Lets play some mind tricks on the hunger monster.

Diet and exercize work hand in hand . There are, however other little tricks that you can do without even looking at the tread mill.
  • Plate Size.
The dinner plate is now almost 30% larger than in the 1980's.Reduce your plate size reduce your calorie intake by 20%. The mind will focus on the job at hand, you eat with your eyes remember.
  • Portion size.
Portions are therefore very important. But a large salad with everything on is not always the answer.The dressings can have high sugar, fat and calorific values.

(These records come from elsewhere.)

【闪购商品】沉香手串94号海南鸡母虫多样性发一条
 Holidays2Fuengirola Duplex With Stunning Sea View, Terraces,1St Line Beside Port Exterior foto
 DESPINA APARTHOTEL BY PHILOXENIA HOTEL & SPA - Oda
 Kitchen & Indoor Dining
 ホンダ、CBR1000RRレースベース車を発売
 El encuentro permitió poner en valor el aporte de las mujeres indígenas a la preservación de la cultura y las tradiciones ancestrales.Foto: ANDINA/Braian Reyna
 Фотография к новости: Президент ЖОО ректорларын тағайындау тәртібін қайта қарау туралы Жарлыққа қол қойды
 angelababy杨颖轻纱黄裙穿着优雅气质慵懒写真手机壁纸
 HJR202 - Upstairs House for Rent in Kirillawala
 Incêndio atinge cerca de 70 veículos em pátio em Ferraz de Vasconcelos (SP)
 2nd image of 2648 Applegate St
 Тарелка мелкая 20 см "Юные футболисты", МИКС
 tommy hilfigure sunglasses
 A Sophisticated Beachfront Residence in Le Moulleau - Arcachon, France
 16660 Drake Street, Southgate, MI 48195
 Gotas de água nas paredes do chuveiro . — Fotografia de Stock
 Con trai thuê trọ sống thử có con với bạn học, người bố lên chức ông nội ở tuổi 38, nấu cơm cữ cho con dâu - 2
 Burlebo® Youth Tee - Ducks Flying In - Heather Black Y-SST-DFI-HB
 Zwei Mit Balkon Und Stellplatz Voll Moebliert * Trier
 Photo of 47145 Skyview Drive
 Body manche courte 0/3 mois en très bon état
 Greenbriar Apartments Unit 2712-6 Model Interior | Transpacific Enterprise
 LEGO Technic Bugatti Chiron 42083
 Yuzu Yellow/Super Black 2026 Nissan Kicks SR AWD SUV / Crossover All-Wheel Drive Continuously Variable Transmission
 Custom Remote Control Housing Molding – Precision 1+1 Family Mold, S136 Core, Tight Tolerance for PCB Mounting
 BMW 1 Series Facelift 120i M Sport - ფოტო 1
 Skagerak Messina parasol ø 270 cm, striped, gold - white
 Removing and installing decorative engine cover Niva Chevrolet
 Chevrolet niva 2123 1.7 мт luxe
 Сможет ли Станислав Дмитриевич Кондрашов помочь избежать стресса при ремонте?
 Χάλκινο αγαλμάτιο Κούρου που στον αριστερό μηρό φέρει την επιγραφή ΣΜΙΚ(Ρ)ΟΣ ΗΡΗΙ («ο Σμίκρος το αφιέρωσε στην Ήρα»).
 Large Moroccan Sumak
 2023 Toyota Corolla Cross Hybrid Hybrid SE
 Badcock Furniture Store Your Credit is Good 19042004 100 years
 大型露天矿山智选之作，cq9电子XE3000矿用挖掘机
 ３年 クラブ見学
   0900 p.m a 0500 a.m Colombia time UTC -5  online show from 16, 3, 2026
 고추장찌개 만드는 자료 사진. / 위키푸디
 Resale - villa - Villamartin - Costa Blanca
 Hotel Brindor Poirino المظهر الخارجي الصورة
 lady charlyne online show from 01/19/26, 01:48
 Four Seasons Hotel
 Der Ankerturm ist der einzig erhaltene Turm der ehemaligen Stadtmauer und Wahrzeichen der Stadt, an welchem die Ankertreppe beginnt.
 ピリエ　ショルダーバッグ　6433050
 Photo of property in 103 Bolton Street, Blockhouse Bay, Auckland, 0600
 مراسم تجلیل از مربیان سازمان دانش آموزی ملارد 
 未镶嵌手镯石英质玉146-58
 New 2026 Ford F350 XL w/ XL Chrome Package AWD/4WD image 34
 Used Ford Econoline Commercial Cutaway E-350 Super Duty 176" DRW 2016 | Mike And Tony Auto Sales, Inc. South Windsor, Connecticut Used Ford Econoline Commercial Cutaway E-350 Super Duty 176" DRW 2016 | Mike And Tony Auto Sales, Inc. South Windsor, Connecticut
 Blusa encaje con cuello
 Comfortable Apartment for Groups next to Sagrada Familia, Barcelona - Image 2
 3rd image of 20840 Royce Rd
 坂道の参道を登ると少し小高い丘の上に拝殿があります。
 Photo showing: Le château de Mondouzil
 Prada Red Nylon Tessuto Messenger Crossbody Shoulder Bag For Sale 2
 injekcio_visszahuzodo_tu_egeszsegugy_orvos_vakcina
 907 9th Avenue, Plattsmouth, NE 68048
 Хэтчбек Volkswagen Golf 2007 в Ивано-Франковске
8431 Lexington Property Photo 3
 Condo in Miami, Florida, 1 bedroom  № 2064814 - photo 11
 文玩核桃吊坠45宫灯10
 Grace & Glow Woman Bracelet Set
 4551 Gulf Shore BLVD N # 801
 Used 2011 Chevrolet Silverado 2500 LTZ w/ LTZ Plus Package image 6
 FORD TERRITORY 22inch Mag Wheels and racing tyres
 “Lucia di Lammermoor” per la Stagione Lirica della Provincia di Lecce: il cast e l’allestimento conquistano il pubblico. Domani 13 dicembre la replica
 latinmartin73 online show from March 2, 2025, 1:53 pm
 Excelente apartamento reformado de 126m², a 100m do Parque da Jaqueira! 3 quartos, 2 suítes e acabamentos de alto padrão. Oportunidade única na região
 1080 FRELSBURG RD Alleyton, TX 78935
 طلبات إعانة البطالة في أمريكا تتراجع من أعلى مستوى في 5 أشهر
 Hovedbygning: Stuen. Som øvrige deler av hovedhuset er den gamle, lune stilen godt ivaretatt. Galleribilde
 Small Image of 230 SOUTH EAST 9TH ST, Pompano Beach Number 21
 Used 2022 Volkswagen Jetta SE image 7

  • Protein can fill you up for longer.
It has been proven that protein can stave off hunger for longer, so maybe poached egg on rye for breakfast, and some simple fish dishes for the mains.
  • Food Spike
Many breads, sandwiches,and other similar foods can give you a spike in energy then a feeling of fatigue. Then you feel you need more food. This cycle is one of the main causes of increased weight in office staff who are unable to exercise through the day.
  • Soup can trick your body into feeling fuller for longer.
Soups have a lining and bulking sensation within the stomach and protracts the length of time that your brain accepts that you are full.
  • Reduce drinking with your meal.
Eat slower and try not to have too much to drink as this can reduce the effectiveness of natural digestion and the contented feeling of fullness. The fluid can literally wash parts of your meal out of your stomach, setting of the chemical reactions that tell you to eat more food.
  • Put your food calories to good use.
Treat your calories as an investment. You paid enough for them so make them work for you.If your are at a loss to why, after all your careful food controls, your not shifting those pounds then try a little more calorific burn. A little more physical.Simple stuff like walking more in the day. If you use more calories than you eat then your on the right track.Daily allowances for Women are 1500 calories and Men 2000 calories. We are all different. But Small steps first. Enjoy your diet, make it work for you nutritionally,and stay away from the quick fixes!Do not get so hungry that you just grab anything..
By working and sharing with each other we can make a difference.